Eine Veranstaltung des Vereins Aufarbeitung Cottbus e.V., gefördert von der Brandenburgischen Landeszentrale für politische Bildung

 

Der Autor Gabriel Berger stammt aus einer polnisch-jüdischen Familie. Im Jahre 1957 beschloss sein kommunistisch orientierter Vater, Polen wegen des dort verbreiteten Antisemitismus zu verlassen und in die DDR überzusiedeln. Gabriel Berger war damals dreizehn Jahre alt. Er studierte in Dresden Physik und wurde am Institut für Kernforschung Rossendorf tätig.

Bergers großes Vorbild war neben dem Prager Frühling die antitotalitäre, demokratische Opposition in Polen. Auch nach seiner Übersiedlung in die Bundesrepublik (infolge Haftfreikauf)  im Jahre 1977 wurde Gabriel Berger, wegen seines Engagements für die demokratische Opposition in der DDR und in Polen, von der Staatssicherheit intensiv beobachtet.

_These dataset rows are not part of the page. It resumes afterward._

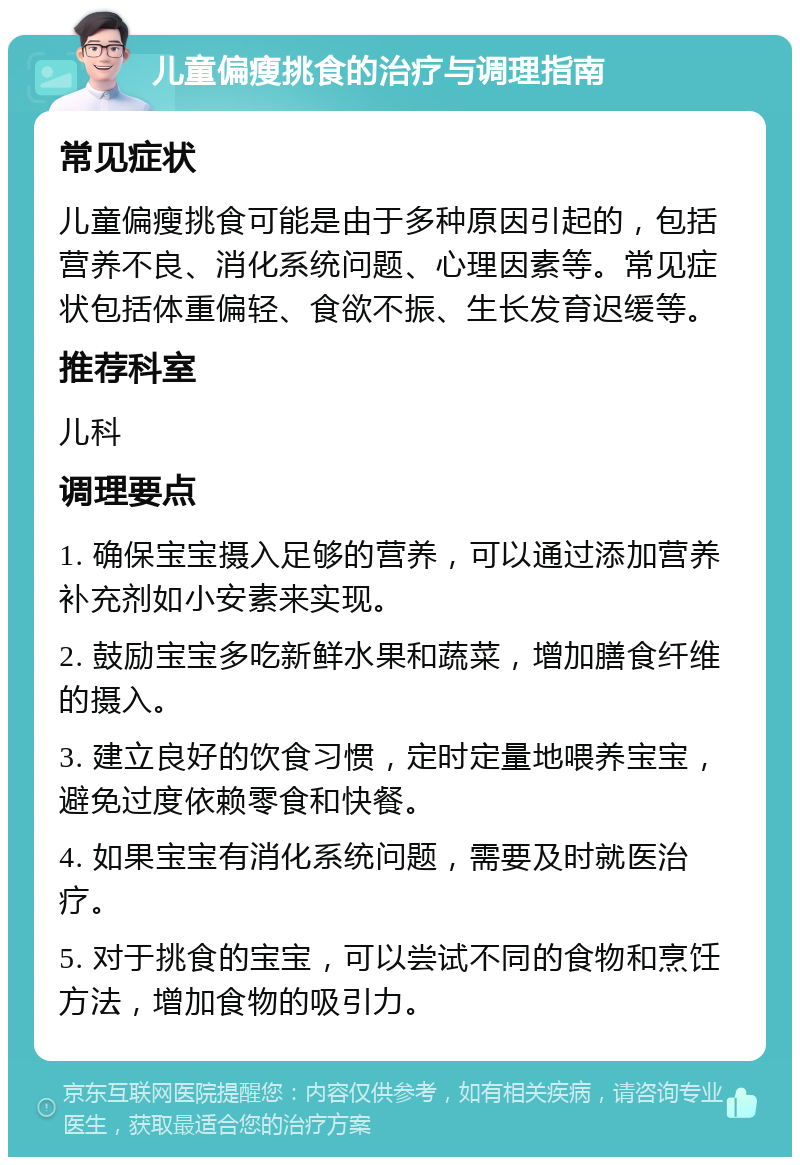 儿童偏瘦挑食的治疗与调理指南 常见症状 儿童偏瘦挑食可能是由于多种原因引起的，包括营养不良、消化系统问题、心理因素等。常见症状包括体重偏轻、食欲不振、生长发育迟缓等。 推荐科室 儿科 调理要点 1. 确保宝宝摄入足够的营养，可以通过添加营养补充剂如小安素来实现。 2. 鼓励宝宝多吃新鲜水果和蔬菜，增加膳食纤维的摄入。 3. 建立良好的饮食习惯，定时定量地喂养宝宝，避免过度依赖零食和快餐。 4. 如果宝宝有消化系统问题，需要及时就医治疗。 5. 对于挑食的宝宝，可以尝试不同的食物和烹饪方法，增加食物的吸引力。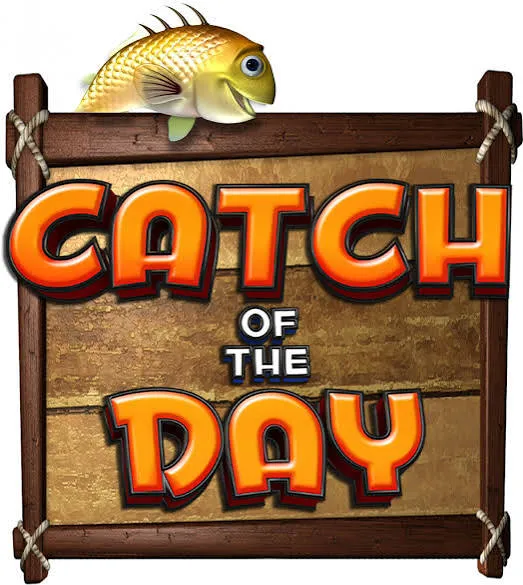 Catch of the Day™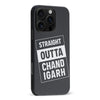 iPhone 16 Pro Max Straight Outta Chandigarh Phone Case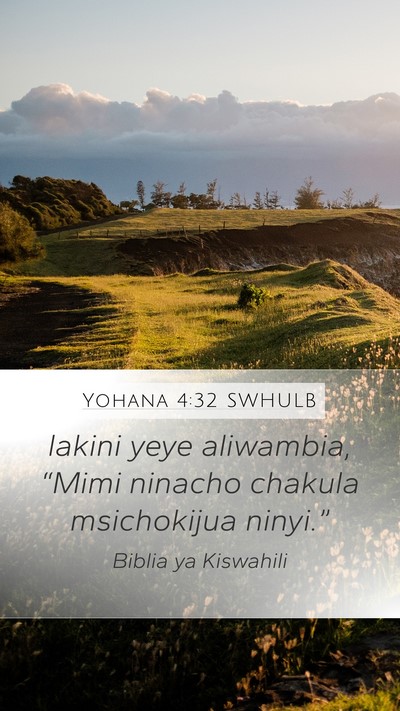 Yohana 4:32 SWHULB Mobile Phone Wallpaper - lakini yeye aliwambia, “Mimi ninacho chakula - Mobile Bible Verse Wallpaper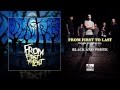 FROM FIRST TO LAST - Black And White 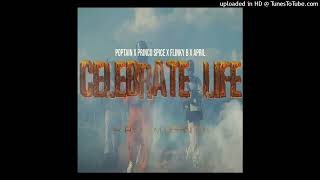 Poptain X Princo Spice X April X Flinky B - Celebrate Life (Official Audio)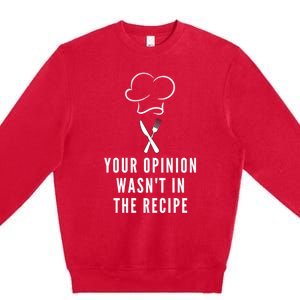 Funny Chef Cooking Your Opinion Wasnt In The Recipe Funny Gift Premium Crewneck Sweatshirt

Warum er sich trotz seiner als Jude und als Wissenschaftler privilegierten Position dazu entschied, die Unfreiheit in der DDR zurückzuweisen und dafür eine Haftstrafe in Kauf zu nehmen, ist in diesem Buch aus Erinnerungen des Autors und aus Stasi-Akten zu erfahren.

Bergers Stichworte zum Reflektieren über seine Vergangenheit in der DDR liefern, sind:

  • Israel wurde von der DDR-Propaganda nicht nur als "Brückenkopf" und "Hauptwerkzeug des Weltimperialismus gegen die arabischen Völker" denunziert, sondern regelrecht dämonisiert.
  • Gabriel Berger begründet seinen Willen, die DDR zu verlassen, unter anderem, indem er jedem deutschen Staat, darunter auch der DDR, nach dem Holocaust das Recht absprach, Juden in seinen Grenzen eingesperrt zu halten.

75 Jahre nach der Befreiung von Auschwitz beobachten wir ein Wiedererstarken des Antisemitismus in Deutschland und eine Zunahme antisemitischer Gewalttaten. Vor diesem Hintergrund ist die Auseinandersetzung mit den bedrückendsten Wahrheiten unserer Geschichte besonders gefordert.

Es ist zu fragen: Gibt es einen Zusammenhang zwischen dem Gründungsmythos der DDR, einem Nicht-mit-dem-Nationalsozialismus-zu-tun-haben-Wollen und einem erneuten Aufleuchten nationalsozialistischen Gedankengutes?

Wir freuen uns auf eine spannende Veranstaltung und würden uns freuen, Sie begrüßen zu dürfen.